Chinese officials and state propaganda has largely ignored Putin’s claims. Both state media and transcripts of government comments have used scare quotes to identify the two “countries” Putin recognized within Ukraine, the “Donetsk People’s Republic” and “Luhansk People’s Republic.” While insisting that America is the actor exacerbating tensions in Ukraine, not Putin, Chinese messaging has nonetheless urged the world to stop following the situation, rather than accept Putin’s claims to all of Ukraine.

In an editorial on Wednesday, the belligerent Chinese state propaganda newspaper Global Times went as far as to classify Putin’s actions towards Ukraine as an “outburst” that stems from Western disrespect for alleged Russian “security concerns.”

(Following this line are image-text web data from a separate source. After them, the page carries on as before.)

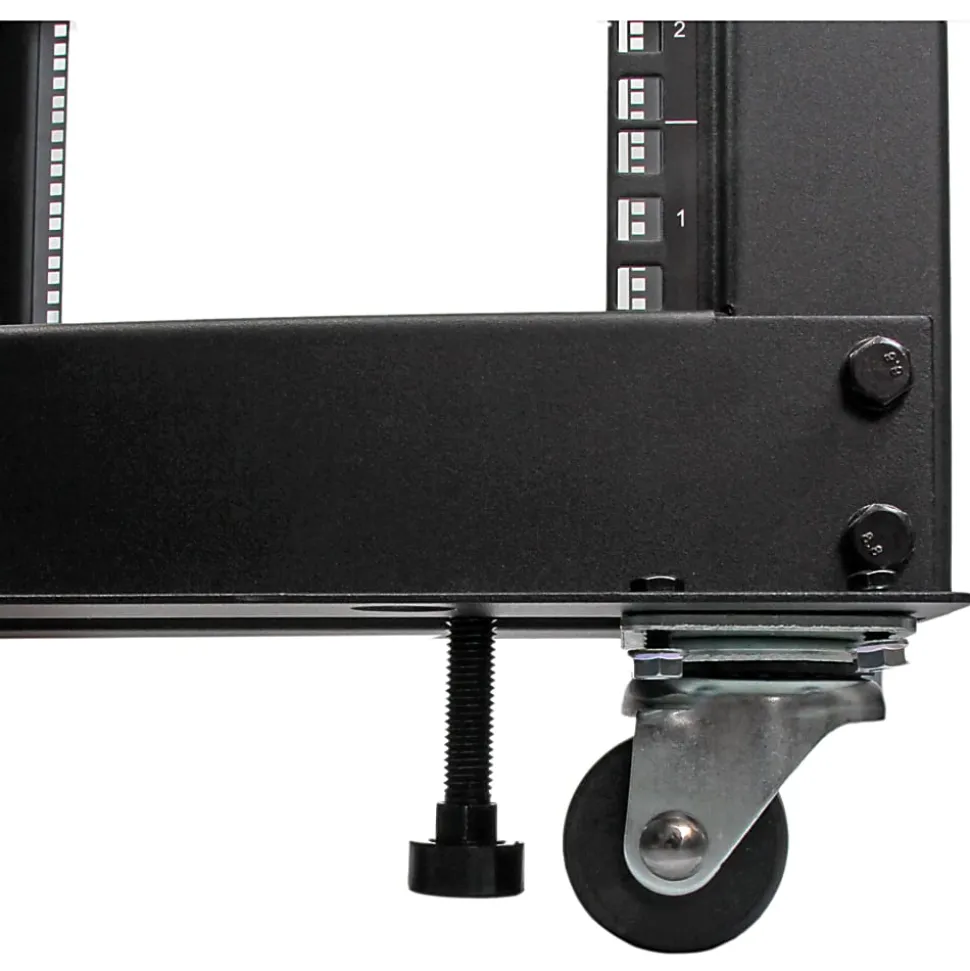 StarTech.com 25U Adjustable Depth Open Frame 4 Post Server Rack w/ Casters/Levelers and Cable Management Hooks - - 4POSTRACK25U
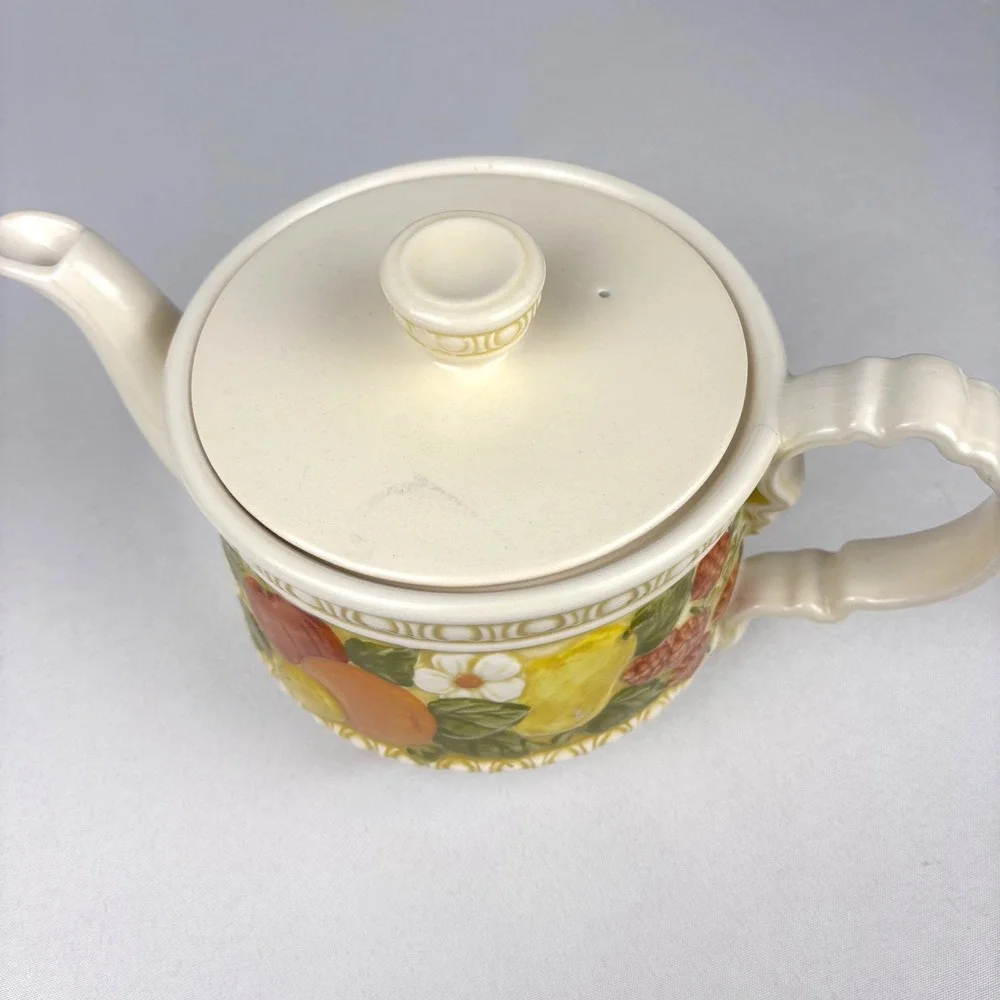 VTG 70s Metlox Poppytrail Robbia Vernon Teapot Coffee Pot Floral Basket Ceramic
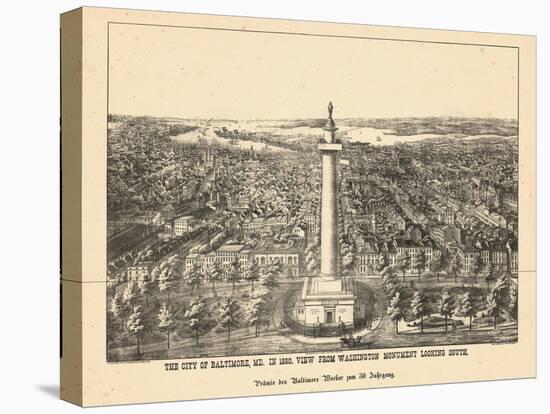 1880, Baltimore Bird's Eye View, Maryland, United States-null-Stretched Canvas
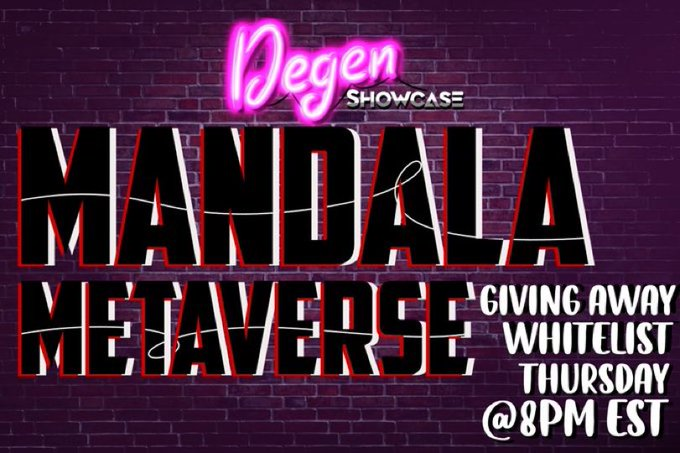 It's giveaway time! 

7 Winners will receive Allow-List to Mint

☑️Follow 
<a href="/enterthemandala/">Mandala</a> 
 
 &amp; 
<a href="/DegenShowcase/">Degen Showcase</a>

☑️Like &amp; RT this Tweet! 

☑️Tag 3 friends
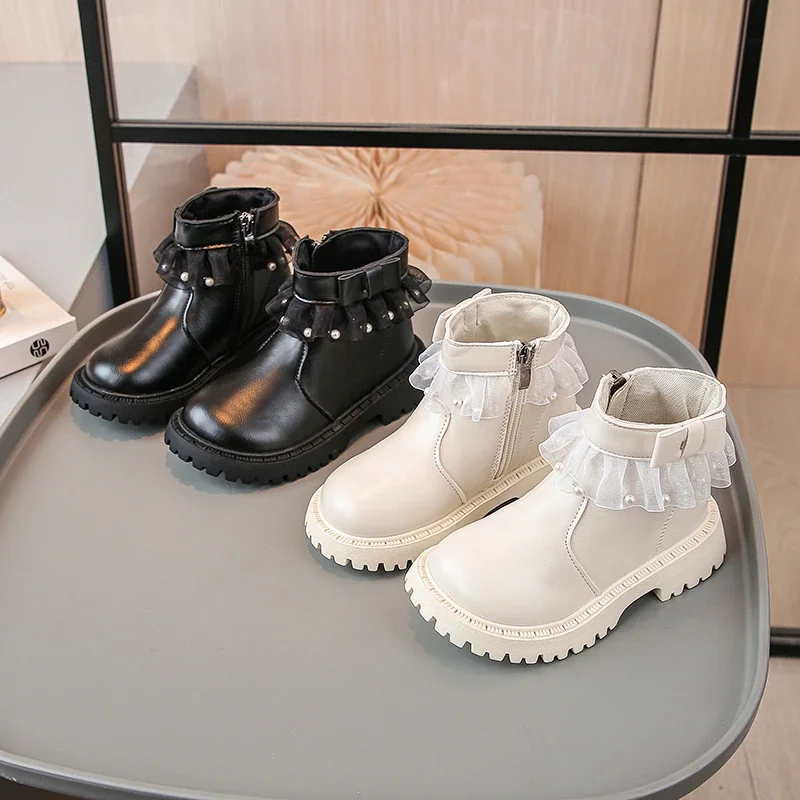 

Kids Princess Boots with Sweet Lace Girls Ankle Boots Side Zipper Round Toes 2025 Autumn New Children Leather Boots Soft Bottom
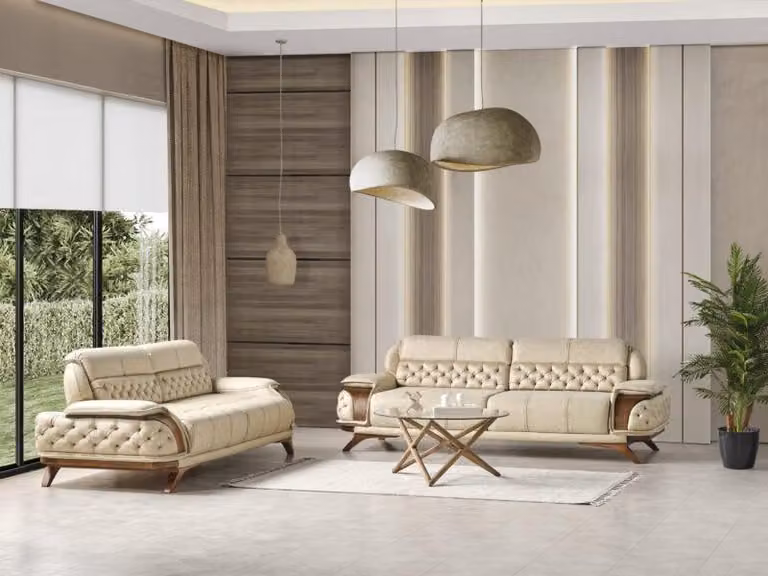 Moderne Beige Wohnzimmer Textil Couchgarnitur Designer Polstersofas
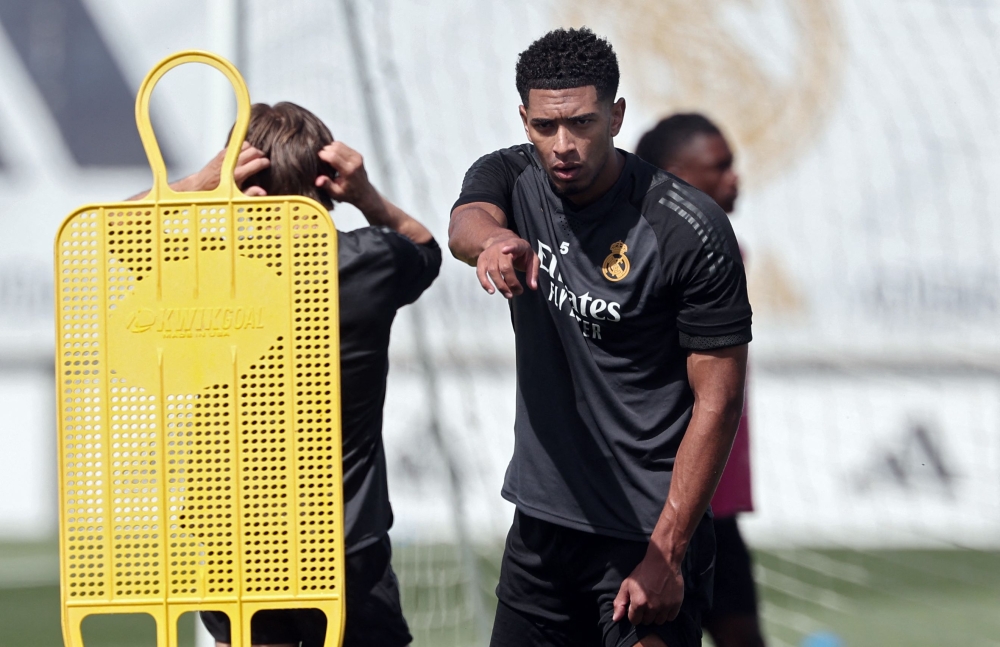 Real Madrid's Jude Bellingham during a training session at the Santiago Bernabeu stadium in Madrid on May 27, 2024 ahead of their Champions League final against Borussia Dortmund. ― AFP pic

“It should be noted that it is very regrettable that the Ukrainian issue has evolved so far. The US has continued its intensive containment on Russia, which finally forced Russia to try to realize its security demands in such a way,” the editorial surmised, superficially defending Russia while failing to accept the core demands out of the Kremlin.

“At a time when the situation is uncertain, all sides should leave some space for Russia and Ukraine to solve the problems. Confrontation, sanctions, or even a direct battle will not help ease tensions,” the Global Times advised.

China has a long history of aggressively rejecting all separatist claims anywhere in the world, an attempt to give itself cover over its own false demands to rule Taiwan. The Communist Party still does not recognize Kosovo as a nation, for example, because Serbia insists that it is a separatist region that it should rightfully rule.